Ante la convulsión del mundo árabe, derivada en una feroz persecución religiosa a los cristianos, escuchemos al Romano Pontífice predicando al orbe católico:
Extraido de RadioCristiandad
Hemos escuchado el mensaje de los cristianos de Oriente. Nos describe la lamentable situación de Jerusalén y del pueblo de Dios. Nos relata como la ciudad del Rey de Reyes, que trasmitió la fe pura a todas las otras ciudades, fue obligada a pagar tributo a las supersticiones paganas. Y como el milagroso Sepulcro, donde la muerte no podía guardar a su Prisionero, el Sepulcro que es la fuente de la vida futura y, sobre todo, donde el Sol de la Resurrección se levantó, fue ensuciado por aquellos que no se levantarán de nuevo excepto para servir de paja para el fuego eterno.
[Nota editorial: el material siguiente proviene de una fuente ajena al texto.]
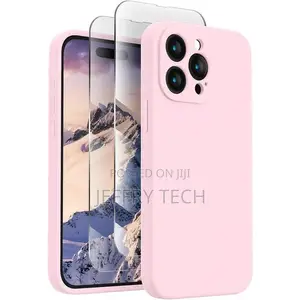 Apple iPhone 15 Pro Max Liqiud Silicone Cover/Case-Pink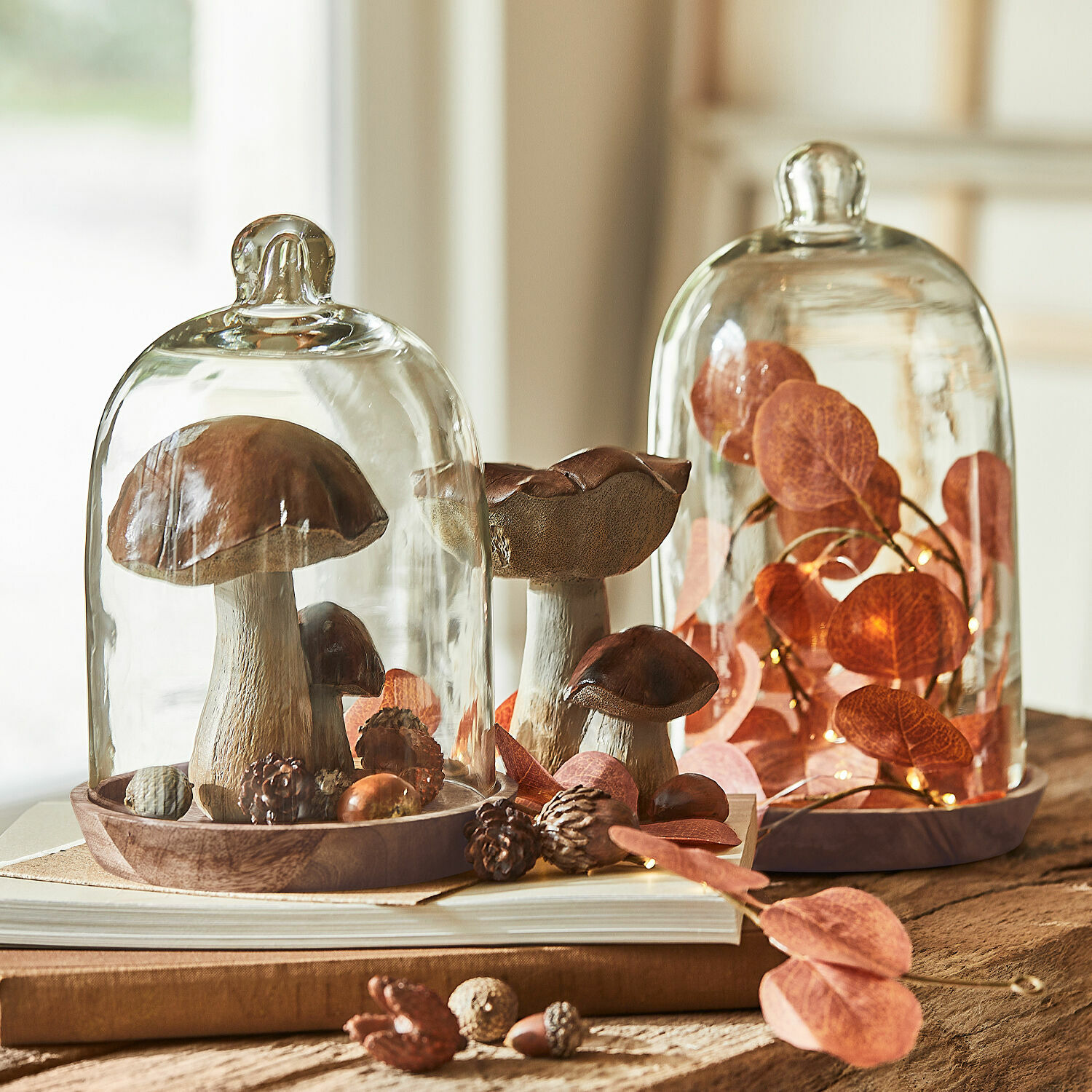 Lot de 2 champignons décoratifs Beenie
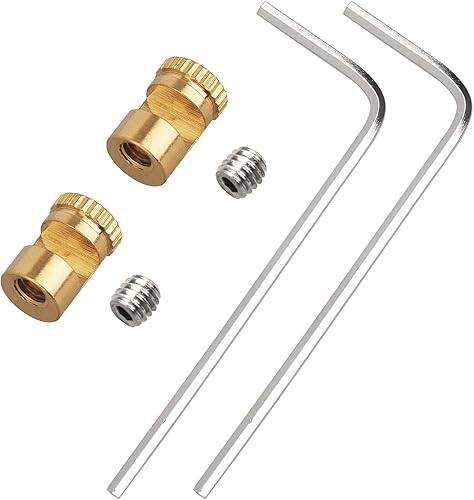 Miniatura 1 de Paquete de 2 pernos de pulgar para cuchillo plegable Buck 110, botón de pulgar de repuesto universal para cuchillos de caza plegables, grosor de la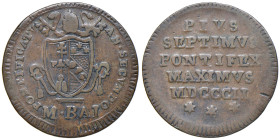 Pio VII (1800-1823) Mezzo baiocco An. II - Munt. 25v CU (g 5,68)

qBB/BB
Una victoriosa impiedad ha cubierto de tinieblas las tierras más fértiles de Asia. Las ciudades de Antioquía, Éfeso y Nicea ya han sido tomadas por los musulmanes. Las hordas bárbaras de los Turcos han colocado sus estandartes en las mismas fronteras de Helesponto, donde amenazan a todas las naciones cristianas. Si el único Dios verdadero no contiene su triunfante marcha, armando a sus hijos, ¿qué nación, qué reino podrá cerrarles a ellos las puertas de Oriente?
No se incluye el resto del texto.